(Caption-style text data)
-----

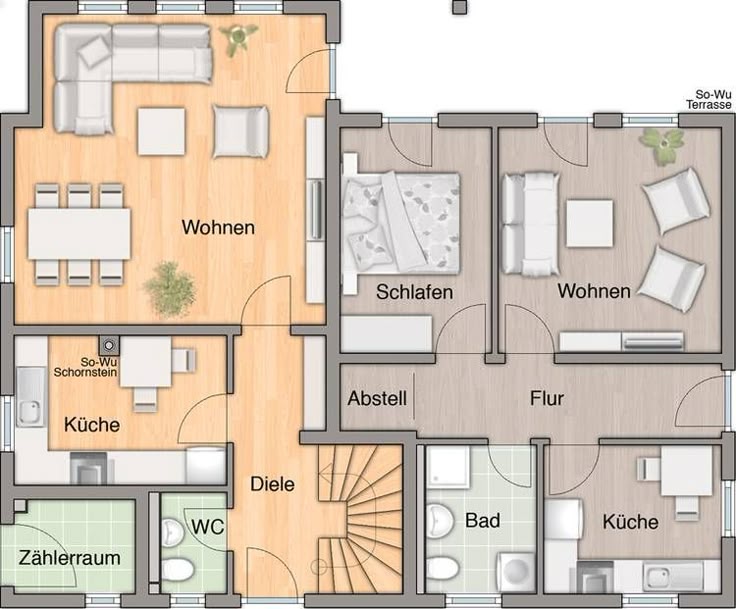 Die besten 25+ Haus mit einliegerwohnung Ideen auf Pinterest - badezimmer grundriss planen Die besten 25+ Haus mit einliegerwohnung Ideen auf Pinterest - badezimmer grundriss planen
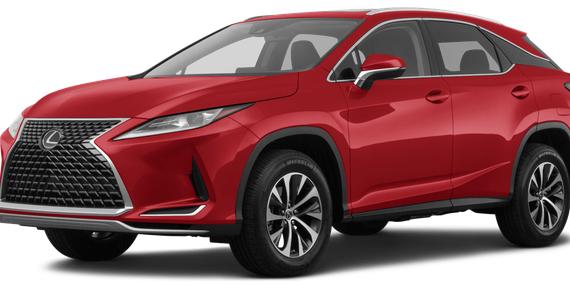 LEXUS RX 2022 2T2HZMDA0NC328191 image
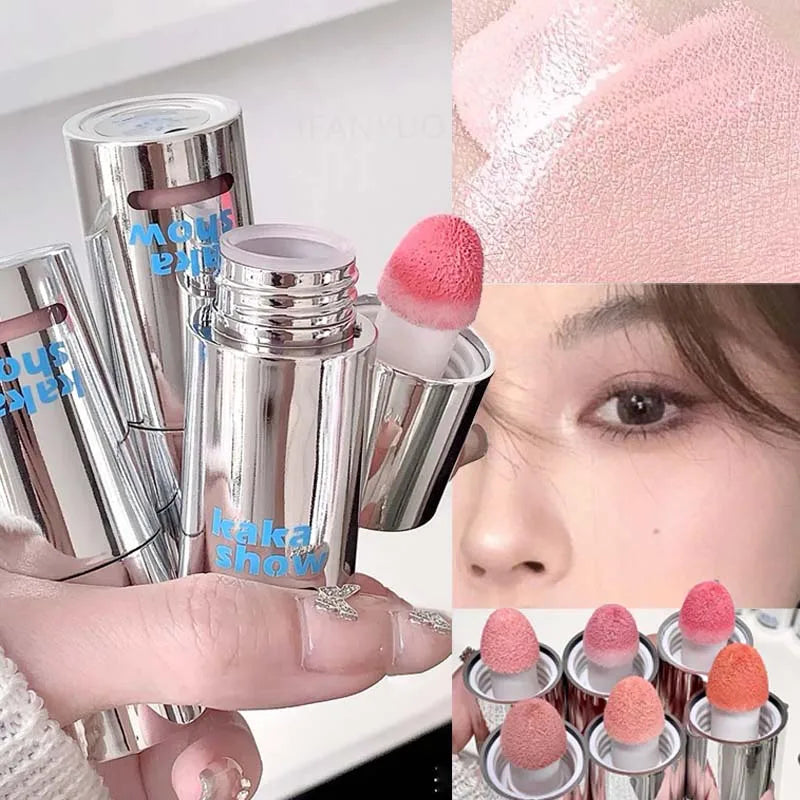 French Sweetheart Soft Mist Blush Low Saturation Moisturizing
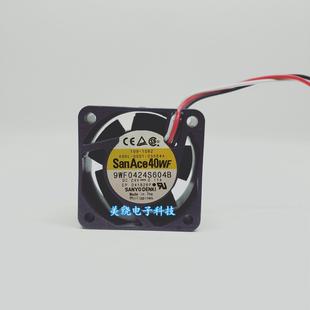 1082 A90L 0566 9WF0424S604B发那科小风扇SanAce 0001 议价109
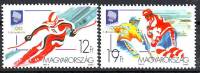 HUNGARY - 1994. Winter Olympic Games, Lillehammer - MNH - Nuevos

-----

The entries above need to be repeated word for word, minus their pictures.

### Written solution
 Die besten 25+ Haus mit einliegerwohnung Ideen auf Pinterest - badezimmer grundriss planen Die besten 25+ Haus mit einliegerwohnung Ideen auf Pinterest - badezimmer grundriss planen
 LEXUS RX 2022 2T2HZMDA0NC328191 image
 French Sweetheart Soft Mist Blush Low Saturation Moisturizing
 1082 A90L 0566 9WF0424S604B发那科小风扇SanAce 0001 议价109
 HUNGARY - 1994. Winter Olympic Games, Lillehammer - MNH - Nuevos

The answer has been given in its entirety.